## WHAT IS NEEDED
Search the records for the string "Adjustable", and show each line where it appears.

Short descriptive text snippets
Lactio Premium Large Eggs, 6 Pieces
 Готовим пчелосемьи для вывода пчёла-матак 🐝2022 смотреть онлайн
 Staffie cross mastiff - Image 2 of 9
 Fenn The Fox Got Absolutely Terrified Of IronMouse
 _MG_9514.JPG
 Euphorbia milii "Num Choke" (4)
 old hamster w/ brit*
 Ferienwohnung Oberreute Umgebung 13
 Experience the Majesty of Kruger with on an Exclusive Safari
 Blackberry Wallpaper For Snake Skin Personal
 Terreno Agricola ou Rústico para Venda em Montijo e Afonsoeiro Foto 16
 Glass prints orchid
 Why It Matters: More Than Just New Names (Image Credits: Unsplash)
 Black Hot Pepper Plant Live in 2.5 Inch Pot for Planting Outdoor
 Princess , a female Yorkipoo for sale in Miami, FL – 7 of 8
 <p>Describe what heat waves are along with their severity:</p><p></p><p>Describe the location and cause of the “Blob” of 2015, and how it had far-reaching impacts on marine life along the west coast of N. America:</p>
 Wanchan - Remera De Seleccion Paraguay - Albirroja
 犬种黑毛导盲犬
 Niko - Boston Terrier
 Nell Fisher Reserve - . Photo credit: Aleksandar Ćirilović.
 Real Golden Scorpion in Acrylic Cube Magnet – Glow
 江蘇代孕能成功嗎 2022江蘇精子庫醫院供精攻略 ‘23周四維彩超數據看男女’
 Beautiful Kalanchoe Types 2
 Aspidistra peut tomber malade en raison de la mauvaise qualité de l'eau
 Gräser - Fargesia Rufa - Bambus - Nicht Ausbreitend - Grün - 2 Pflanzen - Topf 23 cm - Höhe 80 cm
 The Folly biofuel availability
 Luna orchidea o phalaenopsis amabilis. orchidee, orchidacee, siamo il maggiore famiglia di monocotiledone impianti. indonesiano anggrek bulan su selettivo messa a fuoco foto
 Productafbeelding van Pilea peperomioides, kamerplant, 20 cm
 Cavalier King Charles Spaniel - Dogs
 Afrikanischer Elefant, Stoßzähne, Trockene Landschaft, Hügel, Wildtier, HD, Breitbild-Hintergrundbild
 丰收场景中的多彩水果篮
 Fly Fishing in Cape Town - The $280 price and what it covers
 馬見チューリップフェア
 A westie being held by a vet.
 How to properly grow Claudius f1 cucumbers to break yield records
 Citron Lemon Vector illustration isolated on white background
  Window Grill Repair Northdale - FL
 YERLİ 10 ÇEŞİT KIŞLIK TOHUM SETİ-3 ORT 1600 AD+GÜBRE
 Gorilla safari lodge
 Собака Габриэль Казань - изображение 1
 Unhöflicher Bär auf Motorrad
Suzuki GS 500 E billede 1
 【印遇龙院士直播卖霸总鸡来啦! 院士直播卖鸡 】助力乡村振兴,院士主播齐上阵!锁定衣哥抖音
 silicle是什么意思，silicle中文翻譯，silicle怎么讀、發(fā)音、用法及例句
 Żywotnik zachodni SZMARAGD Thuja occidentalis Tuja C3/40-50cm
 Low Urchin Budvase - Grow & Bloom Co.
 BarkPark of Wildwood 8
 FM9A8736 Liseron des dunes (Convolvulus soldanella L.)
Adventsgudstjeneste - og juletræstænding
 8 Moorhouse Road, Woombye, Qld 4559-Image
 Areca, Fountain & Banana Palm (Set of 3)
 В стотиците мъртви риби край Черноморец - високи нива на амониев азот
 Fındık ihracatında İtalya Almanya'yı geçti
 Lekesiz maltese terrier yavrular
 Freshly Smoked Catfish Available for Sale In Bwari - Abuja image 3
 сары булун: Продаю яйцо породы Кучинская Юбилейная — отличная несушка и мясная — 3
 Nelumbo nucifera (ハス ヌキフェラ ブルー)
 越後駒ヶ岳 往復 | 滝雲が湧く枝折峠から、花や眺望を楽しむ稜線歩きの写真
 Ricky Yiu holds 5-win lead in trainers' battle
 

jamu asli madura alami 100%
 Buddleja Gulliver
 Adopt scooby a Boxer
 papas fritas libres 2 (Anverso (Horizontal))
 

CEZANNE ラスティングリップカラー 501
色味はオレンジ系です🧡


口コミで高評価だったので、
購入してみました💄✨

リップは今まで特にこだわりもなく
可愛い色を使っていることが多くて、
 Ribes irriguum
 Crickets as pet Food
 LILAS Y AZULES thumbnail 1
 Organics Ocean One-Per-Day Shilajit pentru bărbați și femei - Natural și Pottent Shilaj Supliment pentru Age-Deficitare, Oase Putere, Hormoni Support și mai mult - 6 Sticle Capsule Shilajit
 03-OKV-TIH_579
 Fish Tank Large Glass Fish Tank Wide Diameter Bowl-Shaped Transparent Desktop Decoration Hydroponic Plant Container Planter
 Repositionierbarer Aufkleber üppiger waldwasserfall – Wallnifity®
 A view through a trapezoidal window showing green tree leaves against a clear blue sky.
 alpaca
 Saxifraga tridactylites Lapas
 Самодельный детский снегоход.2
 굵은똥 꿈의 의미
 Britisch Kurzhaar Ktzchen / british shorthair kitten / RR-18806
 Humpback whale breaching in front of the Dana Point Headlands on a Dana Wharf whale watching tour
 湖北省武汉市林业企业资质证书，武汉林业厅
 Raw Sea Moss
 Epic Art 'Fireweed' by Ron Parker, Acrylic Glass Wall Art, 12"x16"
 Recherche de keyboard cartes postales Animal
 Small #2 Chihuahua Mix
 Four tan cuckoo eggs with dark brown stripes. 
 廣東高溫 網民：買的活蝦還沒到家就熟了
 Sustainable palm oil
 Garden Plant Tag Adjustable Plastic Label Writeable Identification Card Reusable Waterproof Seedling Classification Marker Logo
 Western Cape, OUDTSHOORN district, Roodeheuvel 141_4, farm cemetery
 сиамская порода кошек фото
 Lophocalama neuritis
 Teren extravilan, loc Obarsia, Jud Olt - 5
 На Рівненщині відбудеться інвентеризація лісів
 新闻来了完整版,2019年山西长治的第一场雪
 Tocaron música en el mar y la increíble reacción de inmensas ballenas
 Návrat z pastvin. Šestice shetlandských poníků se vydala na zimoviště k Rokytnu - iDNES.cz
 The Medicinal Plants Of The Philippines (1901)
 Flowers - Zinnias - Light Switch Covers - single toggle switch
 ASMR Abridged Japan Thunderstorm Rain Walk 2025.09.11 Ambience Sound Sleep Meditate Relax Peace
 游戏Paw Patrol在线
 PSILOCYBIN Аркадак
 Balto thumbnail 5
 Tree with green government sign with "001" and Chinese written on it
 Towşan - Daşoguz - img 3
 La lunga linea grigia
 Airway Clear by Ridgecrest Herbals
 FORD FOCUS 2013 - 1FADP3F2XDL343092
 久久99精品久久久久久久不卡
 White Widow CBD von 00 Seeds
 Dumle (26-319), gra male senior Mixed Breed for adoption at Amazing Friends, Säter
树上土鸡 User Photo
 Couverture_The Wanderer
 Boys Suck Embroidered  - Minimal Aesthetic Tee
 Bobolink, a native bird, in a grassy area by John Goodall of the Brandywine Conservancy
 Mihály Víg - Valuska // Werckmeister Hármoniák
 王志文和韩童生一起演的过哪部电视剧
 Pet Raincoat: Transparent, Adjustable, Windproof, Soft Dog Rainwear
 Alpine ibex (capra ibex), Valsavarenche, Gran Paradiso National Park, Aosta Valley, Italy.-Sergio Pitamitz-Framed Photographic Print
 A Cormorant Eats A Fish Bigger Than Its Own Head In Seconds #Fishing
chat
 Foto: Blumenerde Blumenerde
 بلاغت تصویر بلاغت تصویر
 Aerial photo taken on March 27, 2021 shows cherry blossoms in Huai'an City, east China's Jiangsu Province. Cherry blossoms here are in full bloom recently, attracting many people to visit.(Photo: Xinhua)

## COMPLETED EXERCISE
 Garden Plant Tag Adjustable Plastic Label Writeable Identification Card Reusable Waterproof Seedling Classification Marker Logo
 Pet Raincoat: Transparent, Adjustable, Windproof, Soft Dog Rainwear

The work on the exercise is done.